Amelia era una mujer hermosa y elegante y aunque había pasado sesenta y siete años en Villababa no aparentaba ni un día más de cincuenta. Estaba a punto de cumplir los cuarenta cuando desapareció en 1937. En su presencia Nate se había sentido como si tuviera quince años, tartamudeando en la primera cita, dando tumbos y sonrojándose (sonrojándose, por amor de Dios) cuando Amy mencionaba que había pasado la noche en su casa. Amelia le había pedido a Nate que se sentara a su lado en el sofá y le había cogido la mano mientras le hablaba.

—Nathan, espero que lo que voy a decirte no suene racista, porque no lo es, pero quiero que te tranquilices. He tenido mucho tiempo para hacerme a la idea de que mi hija es una adulta sexualmente activa y francamente, si después tantos años el que ha escogido para enamorarse eres tú, como parece, solo puedo decirte que me alivia que seas de la especie humana. Así que relájate, por favor.

Entonces Nate había mirado a Amy.

Y esta se había encogido de hombros.

—Todas las chicas tienen un periodo aventurero.

—Gracias —le había contestado a Amelia Earhart.

Ahora, en la calle, le dijo a Amy:

—No debería haberle preguntado por el vuelo.

—Todavía le duele un poco. Aunque hayan pasado tantos años. Mi padre era el navegante. No sobrevivió al accidente.

—Pero si me dijiste que habías nacido en 1940. ¿Cómo es posible si tu padre había muerto en 1937?

—¿Espermatozoides fuertes?

—¿Tres años? Serían fortísimos.

Ella le dio un puñetazo en el brazo.

—Estaba redondeando. Dame un respiro, Nate, que soy vieja. A la Vieja Zorra no la interrogabas para que fuera tan exacta.

—Yo no me acostaba con la Vieja Zorra.

—Pero querías hacerlo, ¿eh? ¿Lo reconoces? Te morías de ganas de meterte en ese muumuu.

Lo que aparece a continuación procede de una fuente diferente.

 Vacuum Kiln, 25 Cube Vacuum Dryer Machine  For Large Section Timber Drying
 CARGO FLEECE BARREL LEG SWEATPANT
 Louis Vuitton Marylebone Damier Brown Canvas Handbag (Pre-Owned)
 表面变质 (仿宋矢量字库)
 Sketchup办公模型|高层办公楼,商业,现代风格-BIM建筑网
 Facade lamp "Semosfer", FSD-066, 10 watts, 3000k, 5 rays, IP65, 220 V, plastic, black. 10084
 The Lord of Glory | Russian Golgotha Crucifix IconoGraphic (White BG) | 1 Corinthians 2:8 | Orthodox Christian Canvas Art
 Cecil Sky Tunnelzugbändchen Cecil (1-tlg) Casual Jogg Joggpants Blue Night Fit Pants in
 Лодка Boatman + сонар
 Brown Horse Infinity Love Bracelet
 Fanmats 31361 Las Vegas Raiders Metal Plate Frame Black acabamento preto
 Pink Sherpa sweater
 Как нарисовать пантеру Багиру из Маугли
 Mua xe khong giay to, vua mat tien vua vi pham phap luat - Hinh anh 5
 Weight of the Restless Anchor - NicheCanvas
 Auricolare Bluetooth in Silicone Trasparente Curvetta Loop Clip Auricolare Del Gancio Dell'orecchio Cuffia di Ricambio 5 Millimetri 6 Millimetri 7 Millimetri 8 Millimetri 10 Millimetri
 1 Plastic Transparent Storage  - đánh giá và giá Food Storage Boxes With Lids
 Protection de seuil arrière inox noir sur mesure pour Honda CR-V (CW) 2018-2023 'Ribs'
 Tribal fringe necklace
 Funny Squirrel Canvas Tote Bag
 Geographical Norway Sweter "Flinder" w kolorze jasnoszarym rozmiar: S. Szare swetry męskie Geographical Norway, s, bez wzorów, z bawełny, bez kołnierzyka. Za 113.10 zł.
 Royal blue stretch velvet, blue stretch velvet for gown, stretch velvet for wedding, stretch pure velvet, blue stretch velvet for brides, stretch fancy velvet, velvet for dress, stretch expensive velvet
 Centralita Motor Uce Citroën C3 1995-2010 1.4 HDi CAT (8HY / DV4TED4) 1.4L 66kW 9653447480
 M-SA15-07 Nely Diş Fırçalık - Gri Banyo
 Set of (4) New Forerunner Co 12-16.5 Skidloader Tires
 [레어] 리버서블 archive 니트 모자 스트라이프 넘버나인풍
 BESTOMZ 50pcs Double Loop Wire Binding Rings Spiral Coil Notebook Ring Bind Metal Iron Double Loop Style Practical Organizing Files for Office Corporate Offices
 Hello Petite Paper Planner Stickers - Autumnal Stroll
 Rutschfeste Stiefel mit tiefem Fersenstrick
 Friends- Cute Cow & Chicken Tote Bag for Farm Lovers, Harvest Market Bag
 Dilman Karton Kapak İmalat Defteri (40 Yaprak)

—Déjalo. —Nate observó a un grupo de balleneros macho que estaban apostados delante de la panadería (tenía la impresión de que siempre estaban en el mismo sitio) haciendo una ola de exhibición con la picha, y se disponía a defenderse haciendo un comentario sobre el pasado de Amy cuando decidió que no hacía ninguna falta ver aquella película, ni mucho menos emplearla como una especie de arma arrojadiza contra algo que era básicamente una de las típicas tomaduras de pelo de Amy, una de las cosas que había descubierto que le encantaban de ella en cuanto había admitido que alguien podía provocarle de nuevo ese efecto.

Los balleneros se rieron de Nate cuando pasaron delante de ellos.

—No sois más que juguetes chillones grandes —masculló entre dientes, sabiendo que se enterarían de todas formas. Hacía una semana que los insultaba cada vez que se topaba con ellos en compañía de Amy, solo para que se enfadaran. A lo mejor Amy se lo estaba restregando.

Los balleneros soltaron una sonora pedorreta colectiva.

—¿Sentientes? Ni siquiera sabéis cómo se deletrea «sentiente» —añadió en un susurro.

Y entonces la recompensa. Le encantaba cuando aquellas criaturas de cuatro dedos trataban de hacerle una peineta.

—Claro, y luego yo soy la inmadura —comentó Amy.

La vida es maravillosa, pensó Nate. Por primera vez desde que lo recordaba, era feliz. Más o menos.

A la mañana siguiente apareció una pareja de balleneros para llevarlo ante el coronel. Amy ni siquiera estaba para darle un beso de despedida.